CAD Can Lead to Serious Complications During Pregnancy, Case Study Says
Cold agglutinin disease can lead to serious complications during pregnancy, according to a case study of two women with autoimmune hemolytic anemia (AIHA).
The study’s researchers emphasized the importance of a complete molecular diagnosis of AIHA to estimate maternal and fetal risks, and to establish appropriate treatment plans.
AIHA is an autoimmune disease in which the body mistakenly attacks its own red blood cells (RBCs) by producing self-reacting antibodies that target these cells. The antibodies are classified as warm, cold, or mixed, based on the temperature at which they react and attack RBCs.
As its name suggests, cold agglutinin disease (CAD) occurs at lower temperatures, between 32 and 50 degrees Fahrenheit. At these temperatures, antibodies called cold agglutinins destroy RBCs, resulting in anemia. Immunoglobulin M (IgM) is one such antibody.
AIHA is estimated to affect one in 100,000 people in the general population. However, its incidence in pregnant women is unclear due to the scarcity of published studies.
“Identification of the etiology [origin] of anemia and the antibody type is essential to establish the potential risk for both the mother and the fetus as well as to determine their monitoring and treatment,” the investigators wrote.
To shed more light on this subject, researchers in Spain described and analyzed two cases of pregnant women with AIHA.
The first case was a 35-year-old woman who was referred to the University Hospital of Girona, Spain, for severe treatment-resistant (refractory) anemia when she was 17 weeks pregnant.
After a blood transfusion failed to resolve her symptoms, more extensive lab testing revealed she had AIHA, for which she was prescribed the steroid prednisone. A direct antiglobulin test (DAT) — which detects antibodies attached to RBCs — then revealed the presence of cold-reacting antibodies (IgM), confirming the diagnosis of CAD.

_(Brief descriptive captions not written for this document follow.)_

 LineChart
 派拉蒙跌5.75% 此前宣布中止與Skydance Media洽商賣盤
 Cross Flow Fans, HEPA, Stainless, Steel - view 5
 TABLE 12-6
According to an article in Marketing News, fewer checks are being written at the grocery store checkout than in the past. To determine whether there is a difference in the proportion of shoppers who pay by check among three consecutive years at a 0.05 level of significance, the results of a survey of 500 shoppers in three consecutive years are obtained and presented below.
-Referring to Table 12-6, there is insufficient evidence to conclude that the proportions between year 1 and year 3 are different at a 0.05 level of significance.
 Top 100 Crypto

Middle cerebral artery (MCA) peak systolic velocity, a common and accurate parameter that is often used to diagnose fetal anemia, showed nothing unusual in the fetus.
Although the patient appeared to respond well to therapy and her prednisone dose was halved, she was later hospitalized and put on methylprednisolone after her symptoms worsened when she was 27 weeks pregnant. By then, she also started undergoing more intensive fetal monitoring.

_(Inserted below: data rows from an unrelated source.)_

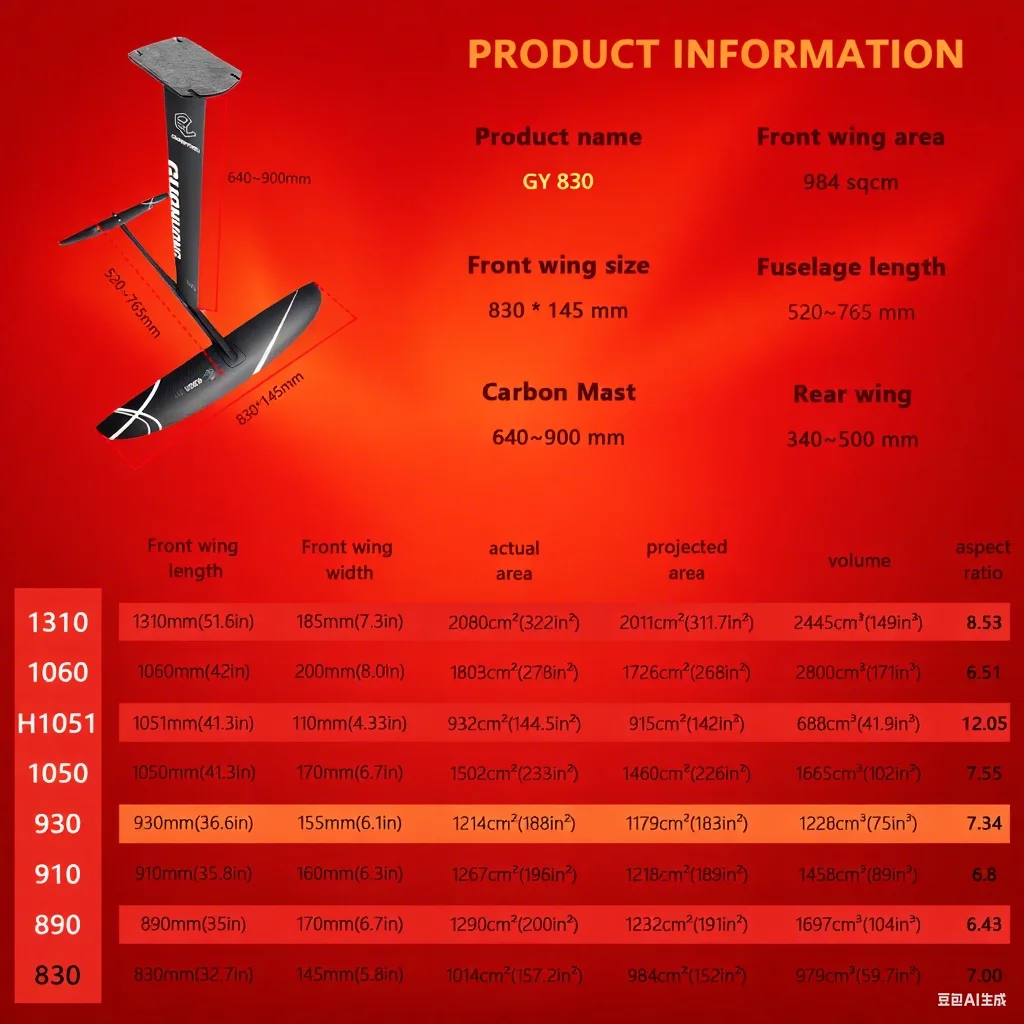 GY-830 Upgraded Carbon Fiber Hydrofoil with 984 Sqcm Hydrodynamic Gliding Design, Perfect for Entry-Level SUP and Kite Surfing
GY-830 Upgraded Carbon Fiber Hydrofoil with 984 Sqcm Hydrodynamic Gliding Design, Perfect for Entry-Level SUP and Kite Surfing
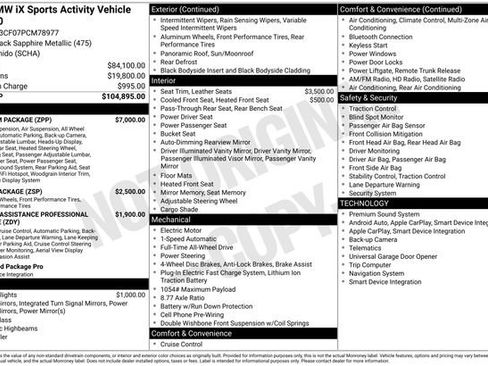 Used 2023 BMW iX xDrive50 w/ Premium Package image 15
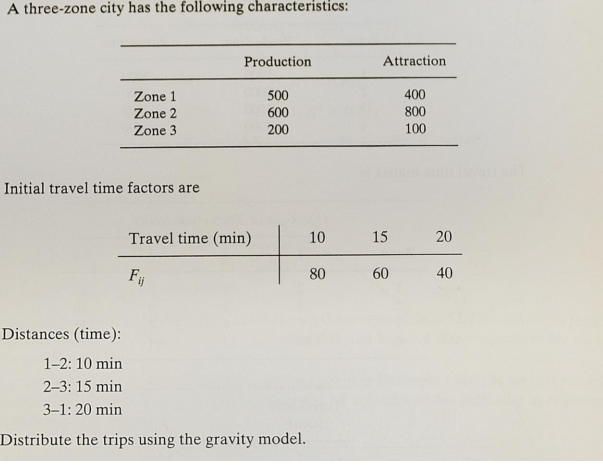 A three-zone city has the following characteristics:
Zone 1
Zone 2
Zone 3
Initial travel time factors are
Production
Travel time (min)
Fij
500
600
200
Distances (time):
1-2: 10 min
2-3: 15 min
3-1: 20 min
Distribute the trips using the gravity model.
10
80
Attraction
15
60
400
800
100
20
40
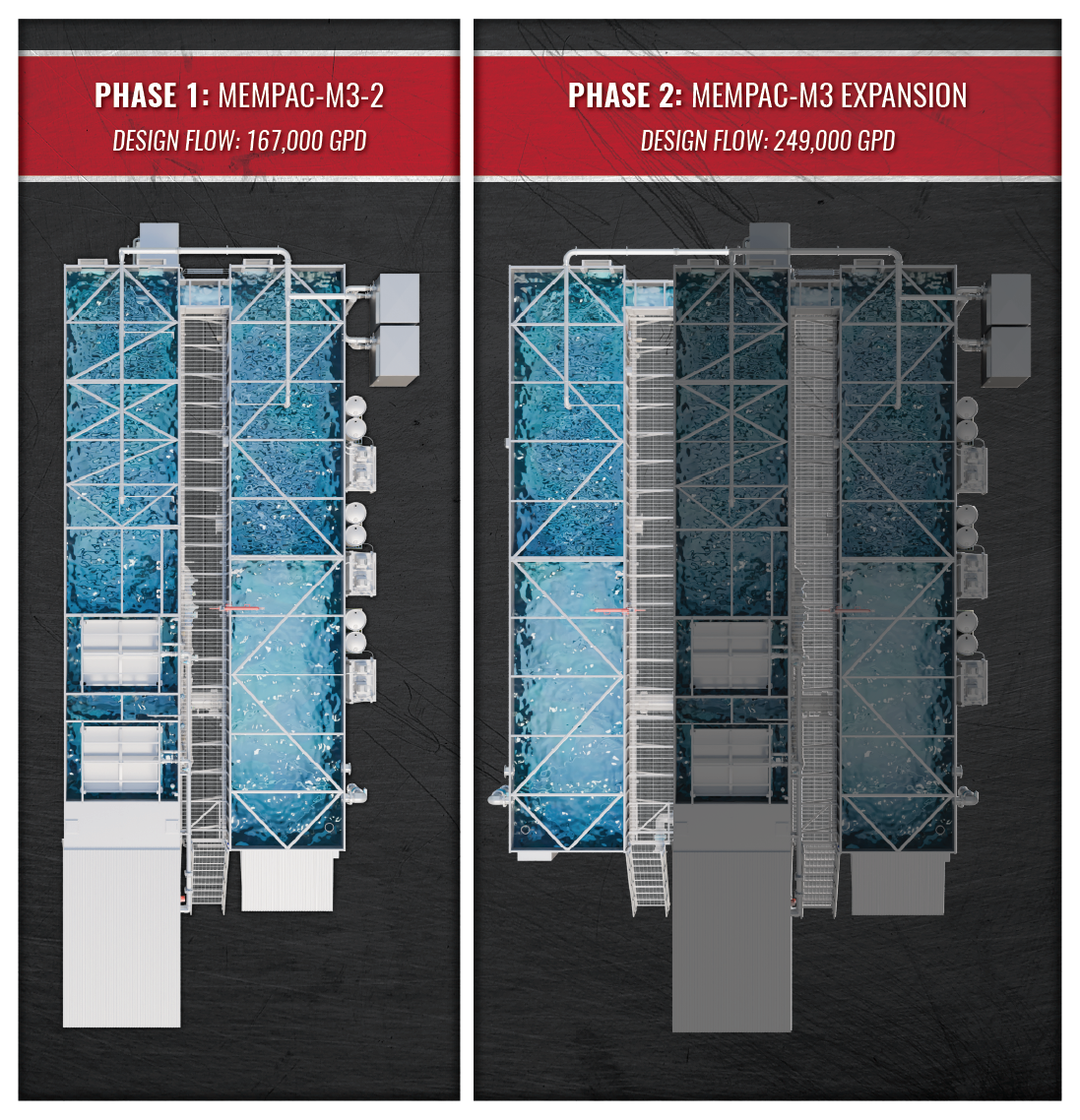 Diagram comparing the first and second phases of a MEMPAC-M wastewater treatment system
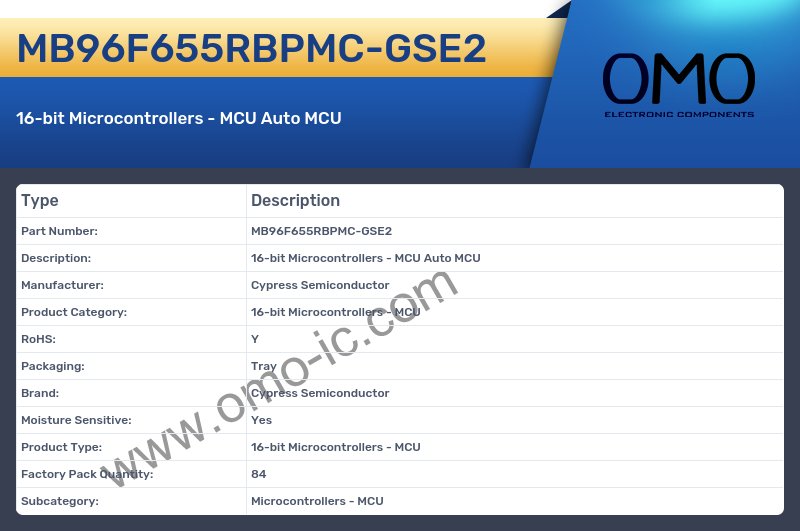 MB96F655RBPMC-GSE2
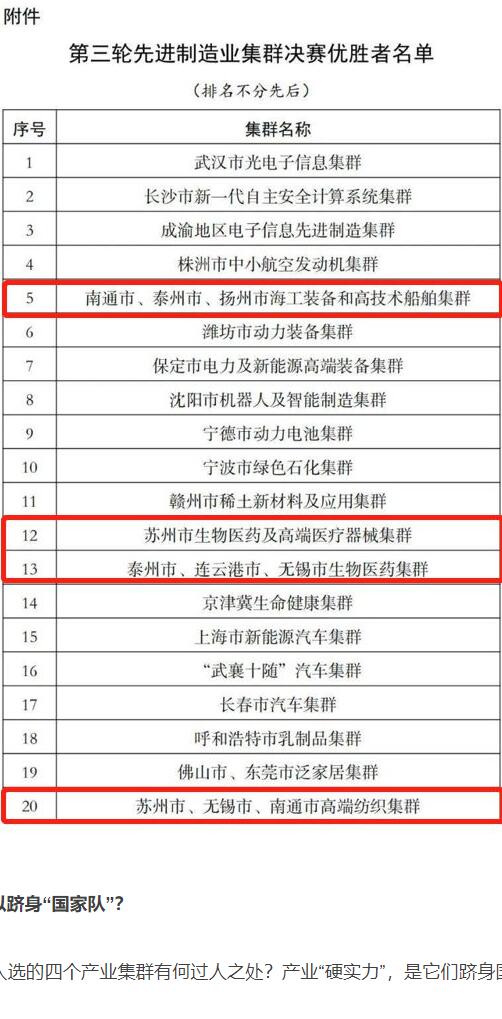 爆訊！南通2個(gè)制造業(yè)集群入圍“國家隊(duì)”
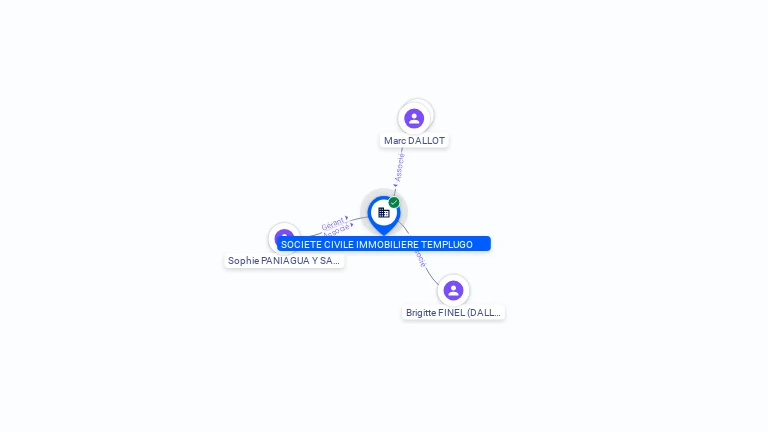 Cartographie gratuite SOCIETE CIVILE IMMOBILIERE TEMPLUGO - 841353535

Despite treatment, her condition continued to deteriorate, with her hemoglobin levels falling to 5.4 g/dL (the normal range for women is from 12.0 to 15.5 g/dL). This prompted physicians to adopt more aggressive measures to stabilize the patient and ensure healthy development of the fetus. The mother’s hemoglobin levels improved, but her baby was stillborn.

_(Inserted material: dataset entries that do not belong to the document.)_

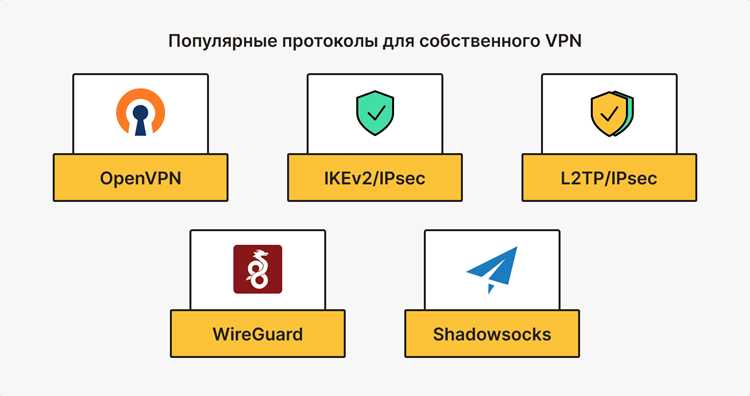 Как включить strava через vpn Как включить strava через vpn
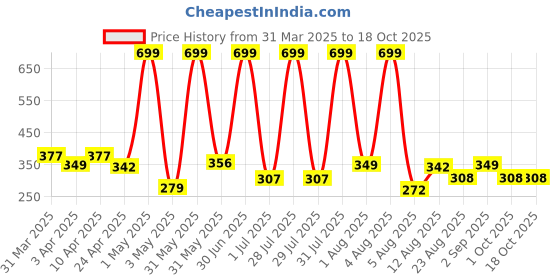 myntra.com TICOSS Boys Typography Printed T-shirt ticoss Price History Graph from 31 Mar 2025 to 18 Oct 2025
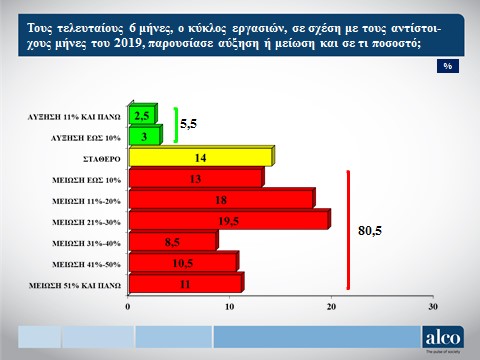 Με μειωμένο τζίρο οκτώ στις δέκα επιχειρήσεις-2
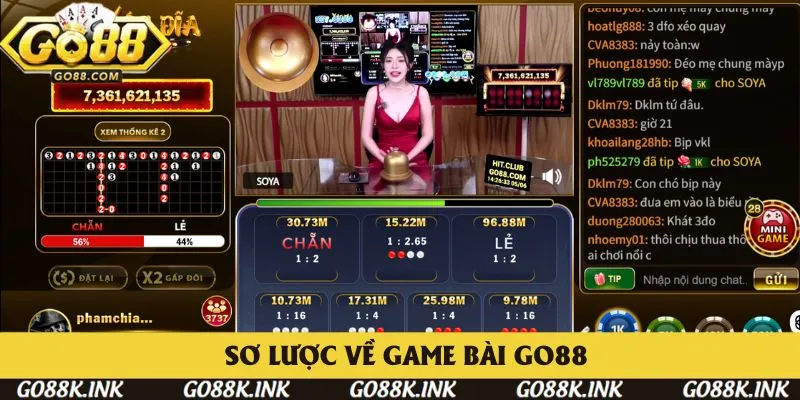 Sơ lược các điểm đáng chú ý về sảnh game bài Go88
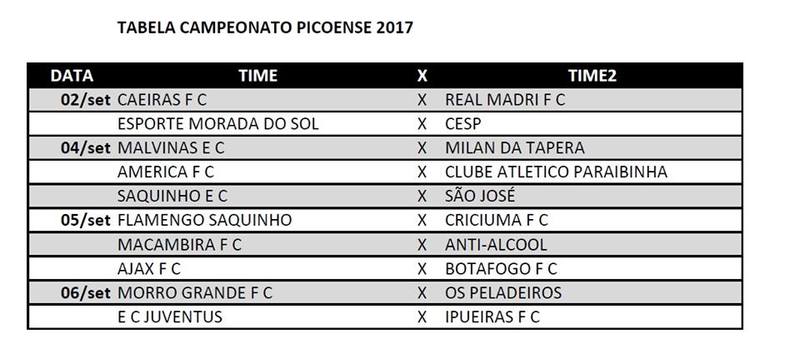 Calendário de Jogos - Real Sport Clube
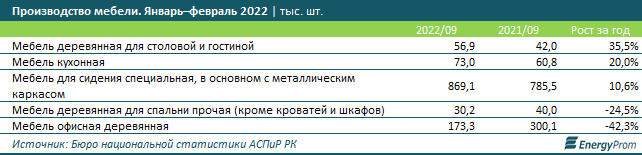 Мебель в Казахстане стала дороже на 25% 1671292 - Kapital.kz 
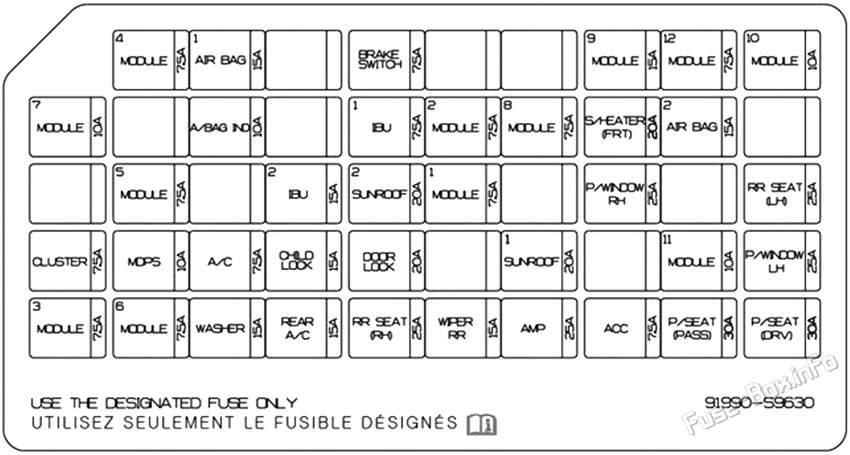 Instrument panel fuse box diagram: Kia Telluride (2023)
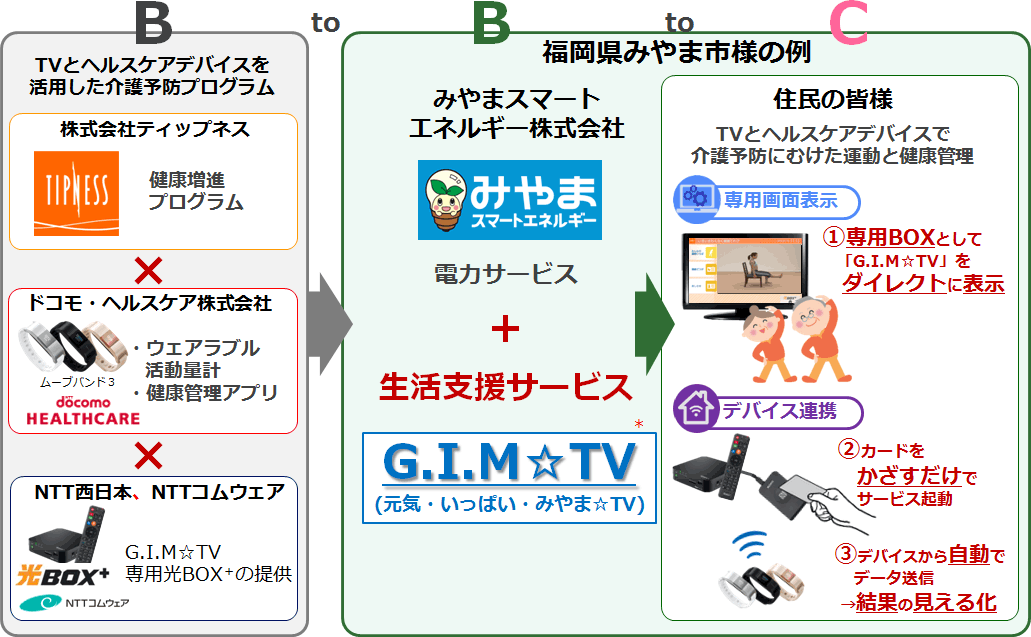 【別紙６】　新型光BOX＋を活用したトライアル（4月20日〜）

Doctors found nothing unusual after examining the fetus. The mother’s physical condition continued to improve with gradual tapering of prednisone and immunoglobulin therapy.
The second case was a 42-year-old woman, who was referred to hospital for anemia at 30 weeks pregnant.
Her pregnancy had been normal up to that point, and she had no relevant medical history. DAT was positive for IgG, a warm agglutinin, prompting the diagnosis of warm antibody AIHA.
As in the other woman’s case, she was treated with prednisone and MCA peak systolic velocity was analyzed to identify any signs of fetal anemia. At 38.5 weeks, she had a natural (unassisted) delivery without complications and was discharged from hospital with decreasing doses of prednisone.
The researchers noted that in CAD, the IgM antibody is an activator of a component of the immune system, called the complement system, which enhances the ability of antibodies to target and destroy cells.
Even though IgM cannot cross the placental barrier and directly harm the fetus, it can indirectly cause blood to coagulate, resulting in blood clots. The researchers said that the absence of fetal abnormalities in the first case report raises the possibility that a blood clot related to the complement system may have caused the stillbirth.
“During pregnancy, identification of the type antibodies in AIHA is crucial to estimate the potential maternal and fetal risks and to establish [adequate] follow-up [procedures],” they wrote.